A t-test (or non-parametric equivalent) can be used to determine if there is a statistically significant difference between two data sets. However, in some cases there are more than two groups of interest. For example, imagine you would like to determine if there is a difference in anxiety levels at exam time between first, second, third, and fourth year university students. One approach would be to conduct a t-test between every possible combination of years (e.g. first vs second, first vs third, etc.). However, conducting the tests separately increases the probability of a type I error.

Analysis of Variance (ANOVA) is a family of statistical tests that are useful when comparing several sets of scores. A common application of ANOVA is to test if the means of three or more groups are equal. The basic idea behind ANOVA is a comparison of the variance between the groups and the variance within the groups.

## Tests available online

See to discussions about experiment design and parametric vs non-parametric for help selecting an appropriate test for your data.

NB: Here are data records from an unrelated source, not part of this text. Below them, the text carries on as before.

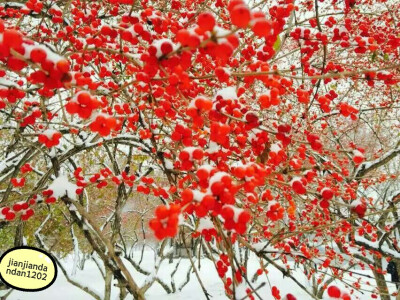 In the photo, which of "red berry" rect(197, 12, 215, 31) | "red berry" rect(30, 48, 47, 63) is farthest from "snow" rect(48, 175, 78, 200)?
"red berry" rect(197, 12, 215, 31)

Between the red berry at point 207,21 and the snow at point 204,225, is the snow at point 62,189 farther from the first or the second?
the red berry at point 207,21

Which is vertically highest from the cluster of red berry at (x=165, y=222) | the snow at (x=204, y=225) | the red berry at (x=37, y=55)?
the red berry at (x=37, y=55)

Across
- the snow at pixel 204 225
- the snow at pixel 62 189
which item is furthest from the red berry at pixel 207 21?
the snow at pixel 62 189

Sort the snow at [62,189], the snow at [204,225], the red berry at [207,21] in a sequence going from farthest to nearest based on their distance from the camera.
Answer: the snow at [62,189], the snow at [204,225], the red berry at [207,21]

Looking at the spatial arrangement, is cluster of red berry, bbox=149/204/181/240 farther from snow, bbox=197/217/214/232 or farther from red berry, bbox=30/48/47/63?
snow, bbox=197/217/214/232

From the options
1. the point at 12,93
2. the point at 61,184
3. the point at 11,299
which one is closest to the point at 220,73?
the point at 12,93

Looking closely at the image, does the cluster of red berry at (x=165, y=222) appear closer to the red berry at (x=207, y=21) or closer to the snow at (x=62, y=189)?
the red berry at (x=207, y=21)

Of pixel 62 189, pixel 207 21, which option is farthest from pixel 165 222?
pixel 62 189

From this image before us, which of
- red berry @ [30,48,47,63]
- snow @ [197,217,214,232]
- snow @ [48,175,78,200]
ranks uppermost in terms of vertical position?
snow @ [48,175,78,200]

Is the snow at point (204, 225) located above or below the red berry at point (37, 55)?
below

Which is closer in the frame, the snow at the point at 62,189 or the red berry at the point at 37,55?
the red berry at the point at 37,55

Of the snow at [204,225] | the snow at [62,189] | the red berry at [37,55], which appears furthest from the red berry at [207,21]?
the snow at [62,189]

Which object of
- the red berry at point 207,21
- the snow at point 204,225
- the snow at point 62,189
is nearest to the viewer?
the red berry at point 207,21

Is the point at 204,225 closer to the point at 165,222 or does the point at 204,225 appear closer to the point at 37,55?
the point at 165,222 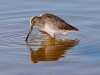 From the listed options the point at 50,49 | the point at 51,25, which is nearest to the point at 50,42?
the point at 51,25

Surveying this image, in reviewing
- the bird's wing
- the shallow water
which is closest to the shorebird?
the bird's wing

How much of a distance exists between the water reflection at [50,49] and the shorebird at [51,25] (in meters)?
0.25

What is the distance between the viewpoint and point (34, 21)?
10.0 meters

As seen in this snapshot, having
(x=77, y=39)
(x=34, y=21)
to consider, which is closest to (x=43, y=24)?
(x=34, y=21)

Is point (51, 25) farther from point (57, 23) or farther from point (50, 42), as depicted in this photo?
point (50, 42)

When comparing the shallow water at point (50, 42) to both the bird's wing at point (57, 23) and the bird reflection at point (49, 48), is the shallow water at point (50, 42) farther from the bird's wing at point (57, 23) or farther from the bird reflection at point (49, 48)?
the bird's wing at point (57, 23)

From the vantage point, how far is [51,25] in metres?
9.90

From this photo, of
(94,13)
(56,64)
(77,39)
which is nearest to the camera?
(56,64)

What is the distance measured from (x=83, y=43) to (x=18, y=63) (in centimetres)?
198

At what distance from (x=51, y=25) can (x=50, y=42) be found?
44 cm

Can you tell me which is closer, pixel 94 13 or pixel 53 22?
pixel 53 22

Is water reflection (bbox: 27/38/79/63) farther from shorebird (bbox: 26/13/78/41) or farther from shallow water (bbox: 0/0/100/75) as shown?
shorebird (bbox: 26/13/78/41)

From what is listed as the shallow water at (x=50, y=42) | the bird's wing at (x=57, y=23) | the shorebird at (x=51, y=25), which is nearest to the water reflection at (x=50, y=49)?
the shallow water at (x=50, y=42)

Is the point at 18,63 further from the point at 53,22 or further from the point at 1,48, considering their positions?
the point at 53,22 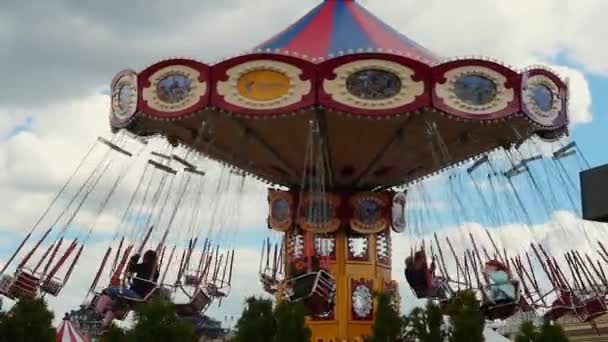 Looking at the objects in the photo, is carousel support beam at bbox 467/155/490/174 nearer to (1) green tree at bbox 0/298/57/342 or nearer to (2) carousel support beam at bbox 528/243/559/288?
(2) carousel support beam at bbox 528/243/559/288

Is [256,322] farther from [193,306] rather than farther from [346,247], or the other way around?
[346,247]

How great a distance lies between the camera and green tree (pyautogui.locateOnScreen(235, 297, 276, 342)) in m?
14.3

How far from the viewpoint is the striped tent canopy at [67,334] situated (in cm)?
1557

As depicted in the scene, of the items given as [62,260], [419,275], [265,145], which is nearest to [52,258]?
[62,260]

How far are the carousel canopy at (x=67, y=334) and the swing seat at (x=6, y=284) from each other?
3.43 metres

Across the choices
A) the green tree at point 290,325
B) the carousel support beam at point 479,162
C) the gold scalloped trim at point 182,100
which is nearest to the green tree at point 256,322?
the green tree at point 290,325

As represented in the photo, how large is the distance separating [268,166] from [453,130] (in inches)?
182

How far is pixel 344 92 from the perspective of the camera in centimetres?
1703

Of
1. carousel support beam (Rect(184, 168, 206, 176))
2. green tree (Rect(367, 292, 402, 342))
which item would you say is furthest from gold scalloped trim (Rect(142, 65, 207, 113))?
green tree (Rect(367, 292, 402, 342))

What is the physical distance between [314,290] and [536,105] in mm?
5660

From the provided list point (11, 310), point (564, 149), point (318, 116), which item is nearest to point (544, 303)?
point (564, 149)

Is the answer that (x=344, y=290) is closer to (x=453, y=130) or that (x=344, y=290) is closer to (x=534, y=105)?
(x=453, y=130)

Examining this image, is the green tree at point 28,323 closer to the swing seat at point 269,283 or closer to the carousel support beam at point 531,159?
the swing seat at point 269,283

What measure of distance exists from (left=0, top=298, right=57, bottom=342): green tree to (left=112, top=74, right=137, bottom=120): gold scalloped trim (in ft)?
14.2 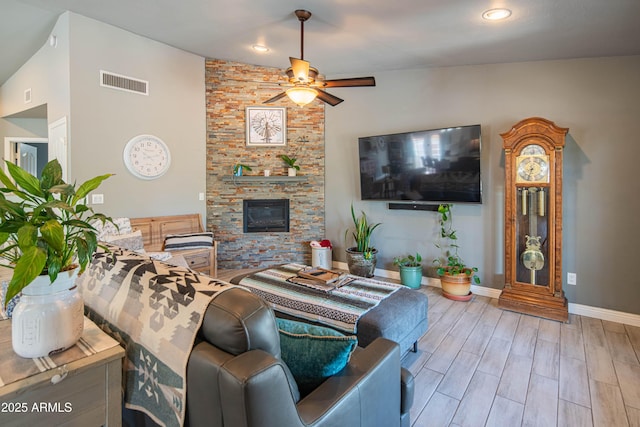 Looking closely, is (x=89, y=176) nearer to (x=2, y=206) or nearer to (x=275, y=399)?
(x=2, y=206)

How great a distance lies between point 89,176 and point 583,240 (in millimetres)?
5431

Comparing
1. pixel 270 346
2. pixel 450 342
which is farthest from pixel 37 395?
pixel 450 342

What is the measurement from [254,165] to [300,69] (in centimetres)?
241

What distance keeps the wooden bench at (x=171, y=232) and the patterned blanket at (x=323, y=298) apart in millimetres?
1391

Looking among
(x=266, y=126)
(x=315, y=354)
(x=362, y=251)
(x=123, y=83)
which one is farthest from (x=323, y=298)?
(x=123, y=83)

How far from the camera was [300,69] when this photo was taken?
2.98 m

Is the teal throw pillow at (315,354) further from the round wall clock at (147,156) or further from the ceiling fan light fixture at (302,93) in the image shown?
the round wall clock at (147,156)

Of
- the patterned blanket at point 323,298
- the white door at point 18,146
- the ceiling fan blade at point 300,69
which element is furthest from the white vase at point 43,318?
the white door at point 18,146

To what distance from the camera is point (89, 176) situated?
3826 millimetres

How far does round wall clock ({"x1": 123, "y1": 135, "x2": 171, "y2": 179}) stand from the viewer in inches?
166

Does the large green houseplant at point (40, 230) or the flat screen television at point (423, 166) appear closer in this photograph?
the large green houseplant at point (40, 230)

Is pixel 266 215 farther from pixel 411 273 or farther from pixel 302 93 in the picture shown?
pixel 302 93

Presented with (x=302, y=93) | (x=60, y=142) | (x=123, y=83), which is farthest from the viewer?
(x=123, y=83)

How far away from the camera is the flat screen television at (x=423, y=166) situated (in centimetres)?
387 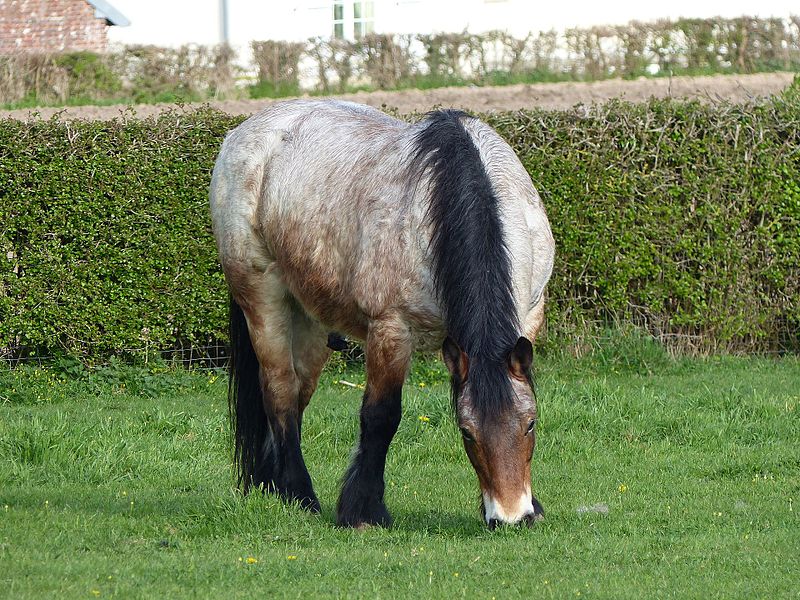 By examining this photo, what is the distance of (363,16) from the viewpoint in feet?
90.6

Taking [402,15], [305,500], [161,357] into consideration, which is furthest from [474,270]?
[402,15]

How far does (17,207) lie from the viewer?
10203mm

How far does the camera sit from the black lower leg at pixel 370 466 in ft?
18.2

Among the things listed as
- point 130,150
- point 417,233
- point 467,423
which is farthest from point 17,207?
point 467,423

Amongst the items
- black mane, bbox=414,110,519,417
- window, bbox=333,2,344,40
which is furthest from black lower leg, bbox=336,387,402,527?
window, bbox=333,2,344,40

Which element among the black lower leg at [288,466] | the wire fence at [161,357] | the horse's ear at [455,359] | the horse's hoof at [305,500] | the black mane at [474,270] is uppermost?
the black mane at [474,270]

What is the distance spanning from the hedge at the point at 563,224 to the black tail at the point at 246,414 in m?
3.68

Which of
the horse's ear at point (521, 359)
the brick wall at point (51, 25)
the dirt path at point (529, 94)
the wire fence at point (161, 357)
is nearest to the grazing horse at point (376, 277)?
the horse's ear at point (521, 359)

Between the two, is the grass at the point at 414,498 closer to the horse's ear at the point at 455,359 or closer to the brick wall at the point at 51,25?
the horse's ear at the point at 455,359

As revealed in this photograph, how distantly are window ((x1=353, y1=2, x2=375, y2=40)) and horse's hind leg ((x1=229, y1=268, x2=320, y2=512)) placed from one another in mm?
21773

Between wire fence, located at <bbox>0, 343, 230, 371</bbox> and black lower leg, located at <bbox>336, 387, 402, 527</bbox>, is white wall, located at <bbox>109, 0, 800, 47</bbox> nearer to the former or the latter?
wire fence, located at <bbox>0, 343, 230, 371</bbox>

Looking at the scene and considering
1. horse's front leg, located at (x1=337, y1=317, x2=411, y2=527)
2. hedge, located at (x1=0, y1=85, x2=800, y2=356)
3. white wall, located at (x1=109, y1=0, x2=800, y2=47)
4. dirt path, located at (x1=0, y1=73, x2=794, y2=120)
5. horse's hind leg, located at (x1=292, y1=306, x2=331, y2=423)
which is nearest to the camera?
horse's front leg, located at (x1=337, y1=317, x2=411, y2=527)

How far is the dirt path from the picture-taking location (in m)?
19.8

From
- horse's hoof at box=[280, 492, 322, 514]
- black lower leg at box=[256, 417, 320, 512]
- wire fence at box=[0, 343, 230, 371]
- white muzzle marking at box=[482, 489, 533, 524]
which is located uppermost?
white muzzle marking at box=[482, 489, 533, 524] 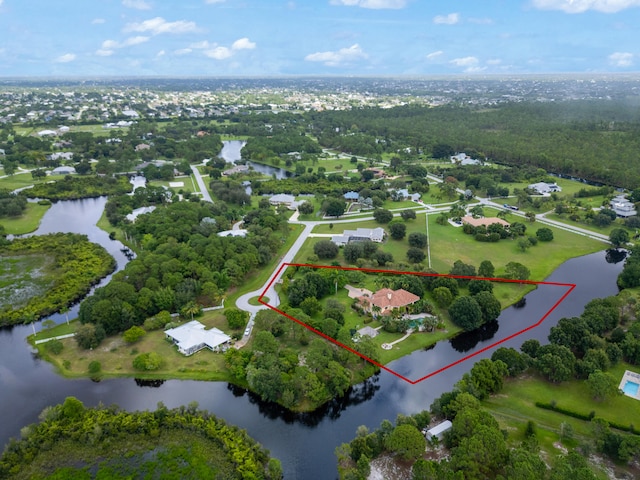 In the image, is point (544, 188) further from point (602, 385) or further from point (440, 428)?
point (440, 428)

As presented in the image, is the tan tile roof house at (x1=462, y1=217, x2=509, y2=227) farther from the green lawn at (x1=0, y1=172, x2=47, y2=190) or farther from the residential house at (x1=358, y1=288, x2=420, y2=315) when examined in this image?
the green lawn at (x1=0, y1=172, x2=47, y2=190)

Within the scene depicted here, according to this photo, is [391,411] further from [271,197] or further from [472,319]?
[271,197]

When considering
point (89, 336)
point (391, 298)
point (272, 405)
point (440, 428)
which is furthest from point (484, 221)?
point (89, 336)

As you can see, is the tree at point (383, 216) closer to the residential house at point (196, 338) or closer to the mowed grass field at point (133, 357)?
the mowed grass field at point (133, 357)

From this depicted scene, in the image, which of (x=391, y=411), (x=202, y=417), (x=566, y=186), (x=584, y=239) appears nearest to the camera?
(x=202, y=417)

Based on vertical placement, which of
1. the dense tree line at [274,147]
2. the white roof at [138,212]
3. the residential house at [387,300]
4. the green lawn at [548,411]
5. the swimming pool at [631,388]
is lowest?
the green lawn at [548,411]

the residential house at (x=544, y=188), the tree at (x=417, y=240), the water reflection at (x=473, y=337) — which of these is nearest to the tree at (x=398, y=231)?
the tree at (x=417, y=240)

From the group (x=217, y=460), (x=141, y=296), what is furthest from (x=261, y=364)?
(x=141, y=296) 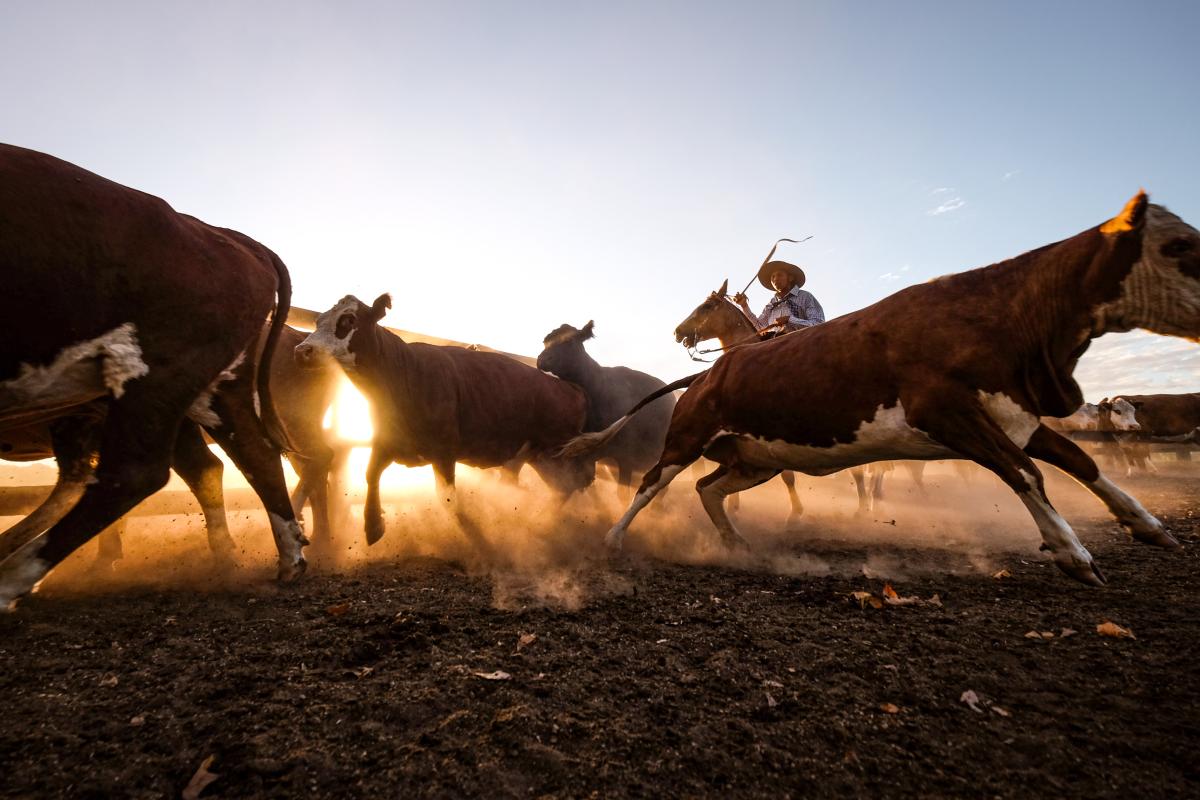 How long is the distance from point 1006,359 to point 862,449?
999 millimetres

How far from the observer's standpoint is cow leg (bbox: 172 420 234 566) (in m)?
3.47

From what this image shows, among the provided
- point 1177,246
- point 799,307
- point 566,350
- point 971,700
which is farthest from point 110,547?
point 799,307

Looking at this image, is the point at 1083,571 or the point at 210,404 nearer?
the point at 1083,571

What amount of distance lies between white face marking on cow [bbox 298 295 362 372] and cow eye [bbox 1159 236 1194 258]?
5.45m

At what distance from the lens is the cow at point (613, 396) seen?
6.50m

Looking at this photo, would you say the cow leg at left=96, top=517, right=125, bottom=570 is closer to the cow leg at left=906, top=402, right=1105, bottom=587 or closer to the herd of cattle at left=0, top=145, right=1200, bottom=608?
the herd of cattle at left=0, top=145, right=1200, bottom=608

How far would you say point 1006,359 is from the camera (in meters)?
3.04

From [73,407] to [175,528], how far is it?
9.78 feet

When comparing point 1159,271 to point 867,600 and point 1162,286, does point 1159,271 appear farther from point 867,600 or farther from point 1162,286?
point 867,600

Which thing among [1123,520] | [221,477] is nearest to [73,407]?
[221,477]

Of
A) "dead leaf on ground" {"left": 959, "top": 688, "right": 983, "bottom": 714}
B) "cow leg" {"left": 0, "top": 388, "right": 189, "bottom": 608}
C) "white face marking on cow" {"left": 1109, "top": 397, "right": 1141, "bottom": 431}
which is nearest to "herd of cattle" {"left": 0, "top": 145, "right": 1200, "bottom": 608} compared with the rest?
"cow leg" {"left": 0, "top": 388, "right": 189, "bottom": 608}

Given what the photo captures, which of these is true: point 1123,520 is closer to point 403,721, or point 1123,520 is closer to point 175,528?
point 403,721

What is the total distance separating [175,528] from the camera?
491cm

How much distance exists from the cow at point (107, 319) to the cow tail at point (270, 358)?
1.03ft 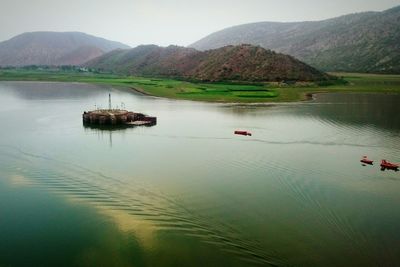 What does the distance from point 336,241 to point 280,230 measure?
7.28 ft

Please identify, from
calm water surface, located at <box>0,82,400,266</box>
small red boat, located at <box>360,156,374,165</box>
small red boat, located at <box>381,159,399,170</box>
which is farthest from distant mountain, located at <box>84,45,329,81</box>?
small red boat, located at <box>381,159,399,170</box>

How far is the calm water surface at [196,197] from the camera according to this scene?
1480 cm

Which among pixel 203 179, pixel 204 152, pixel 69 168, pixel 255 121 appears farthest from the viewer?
pixel 255 121

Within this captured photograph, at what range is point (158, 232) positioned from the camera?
16.2 m

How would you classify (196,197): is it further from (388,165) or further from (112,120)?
(112,120)

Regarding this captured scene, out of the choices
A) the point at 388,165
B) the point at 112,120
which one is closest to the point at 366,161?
the point at 388,165

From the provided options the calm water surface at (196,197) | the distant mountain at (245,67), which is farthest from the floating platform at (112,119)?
the distant mountain at (245,67)

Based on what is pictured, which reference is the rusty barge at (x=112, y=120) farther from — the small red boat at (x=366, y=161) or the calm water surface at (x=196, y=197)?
the small red boat at (x=366, y=161)

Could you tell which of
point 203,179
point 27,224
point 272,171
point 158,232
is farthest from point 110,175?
point 272,171

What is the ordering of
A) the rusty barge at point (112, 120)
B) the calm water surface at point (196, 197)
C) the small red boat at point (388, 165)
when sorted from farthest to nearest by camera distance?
the rusty barge at point (112, 120) < the small red boat at point (388, 165) < the calm water surface at point (196, 197)

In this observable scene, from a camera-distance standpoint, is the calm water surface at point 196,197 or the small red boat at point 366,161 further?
the small red boat at point 366,161

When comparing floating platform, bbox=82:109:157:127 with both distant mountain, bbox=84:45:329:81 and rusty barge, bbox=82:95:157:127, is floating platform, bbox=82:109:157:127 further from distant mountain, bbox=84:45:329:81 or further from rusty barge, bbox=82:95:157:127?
distant mountain, bbox=84:45:329:81

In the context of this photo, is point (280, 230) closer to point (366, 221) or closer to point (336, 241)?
point (336, 241)

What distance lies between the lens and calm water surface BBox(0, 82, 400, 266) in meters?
14.8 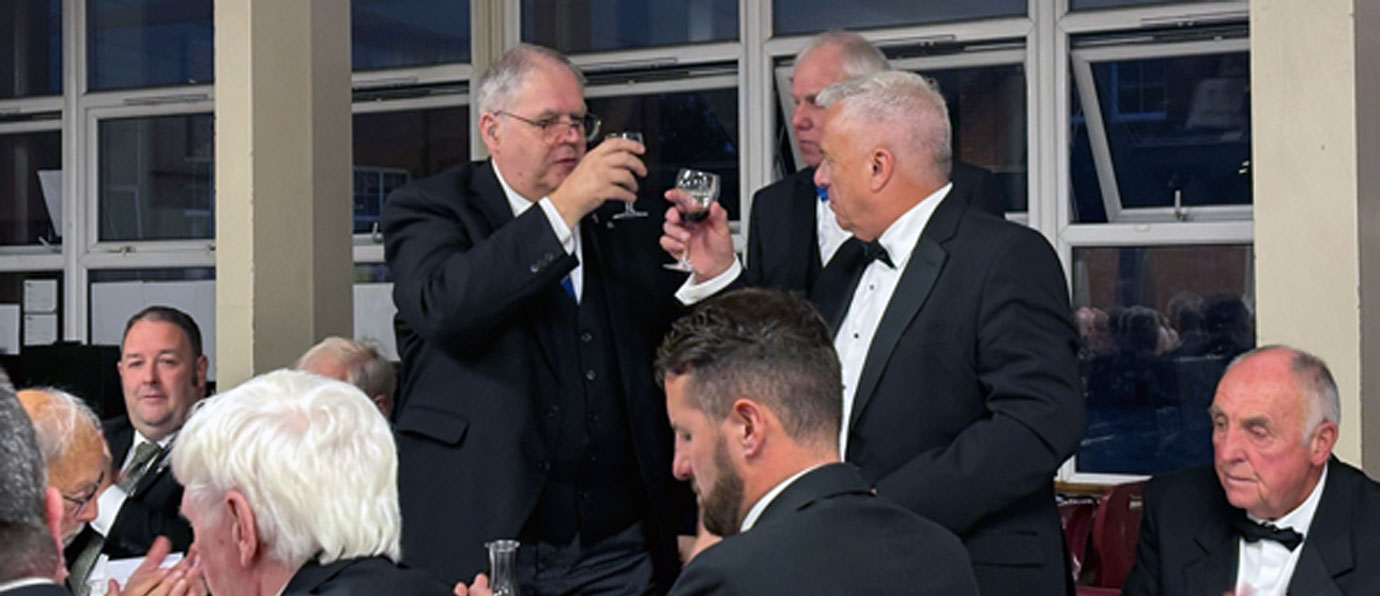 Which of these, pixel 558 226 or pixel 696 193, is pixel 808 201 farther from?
pixel 558 226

Parametric Non-parametric One-way ANOVA One-way Kruskal-Wallis Repeated measures ANOVA (rANOVA) Friedman test(and Kendall's W)

## Test assumptions

The parametric tests rely on the following assumptions:

One-way ANOVA
1. The (within group) scores are normally distributed. The Shapiro–Wilk normality test is automatically applied by the calculator below for small data sets.
2. The variances of the populations are approximately equal (this is sometimes known as homogeneity of variance or homoscedasticity). Levene's test for equality of variance is used by the calculator below to test this assumption.
rANOVA
1. The (within group) scores are normally distributed. The Shapiro–Wilk normality test is automatically applied by the calculator below for small data sets.
2. A property known as sphericity. Sphericity means that the subject-wise differences between variables for each data set have approximately the same variance. Mauchly's sphericity test is used by the calculator below to test this assumption. Furthermore, the Greenhouse-Geisser, Huynh-Feldt and lower-bound adjustments are included in the results.